Der Krieg der Giganten: Genie gegen Gewalt – Wer wird gewinnen?

Wie wir zuletzt, oben, bei: Die Resolution A/RES/2749(XXV) der Generalversammlung der Vereinten Nationen und die in ihr festgestellte allgemeine Pflicht, die UNCLOS zu ratifizieren, gezeigt haben, verpflichtet geltendes Völkerrecht alle Staaten, die UNCLOS zu ratifizieren.

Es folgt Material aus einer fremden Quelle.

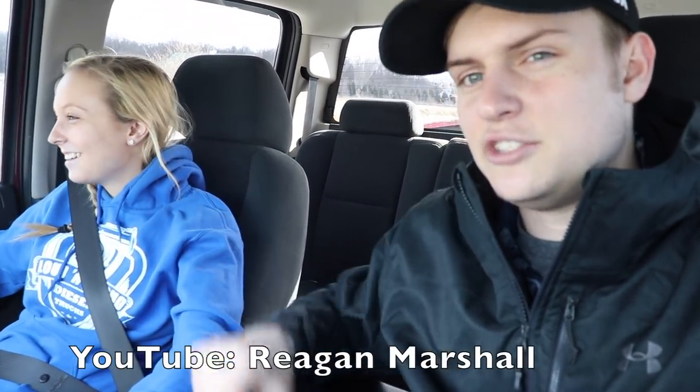Thank you guys so much for all the love and support — you guys are awesome. And just a little plug here: go to my beautiful fiance's YouTube channel, it is Regan Marshall. Search that on YouTube and go subscribe to her and she will be very, very thankful for that. So guys, thank you so much. Leave a fat thumbs up, subscribe if you're new, join the team, join the family and I will catch you in the next video. Peace.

Außerdem haben wir bereits mehrfach aufgezeigt, dass der in der UNCLOS zentrale Begriff des Area nicht nur das unter Wasser liegende Seebett, sondern auch die derzeit trockenen Landgebiete als dessen Teil umfasst, mithin praktisch die gesamte Erdoberfläche sowie die darauf und darin vorkommenden Ressourcen. Die Herleitung dieses Schlusses ist kompliziert; zur Vermeidung von langwierigen Wiederholungen verweisen wir diesbezüglich auf unsere beiden Schriftsätze im Verfahren C-52/15 P gegen den Rat der Europäischen Union: das Rechtsmittel bzw. im Verfahren vor dem EGMR: die Individualbeschwerde. Weitere Prozessakten zu diesen Verfahren finden sich hier.

Die nachfolgenden Staaten sind der UNCLOS nach wie vor nicht beigetreten:

Andorra
Aserbaidschan
Ecuador
Eritrea
Israel
Kasachstan
Kirgisistan
Peru
San Marino
Syrien
Tadschikistan
Ost-Timor
Türkei
Turkmenistan
USA
Usbekistan
Vatikanstadt
Venezuela.

Die nachstehenden Staaten haben sie zwar unterzeichnet, nicht jedoch ratifiziert:

Afghanistan
Bhutan
Burundi
Kambodscha
Zentralafrikanische Republik
Kolumbien
Demokratische Volksrepublik Korea
El Salvador
Äthiopien
Iran
Libyen
Liechtenstein
Niger
Ruanda
Swaziland
Vereinigte Arabische Emirate.

Die im oben verlinkten jüngsten Beitrag genannte A/RES/2749(XXV) hebt rechtswirksam und bereits heute verbindlich jedwede staatliche Souveränität über sämtliche Territorien dieser Erde auf.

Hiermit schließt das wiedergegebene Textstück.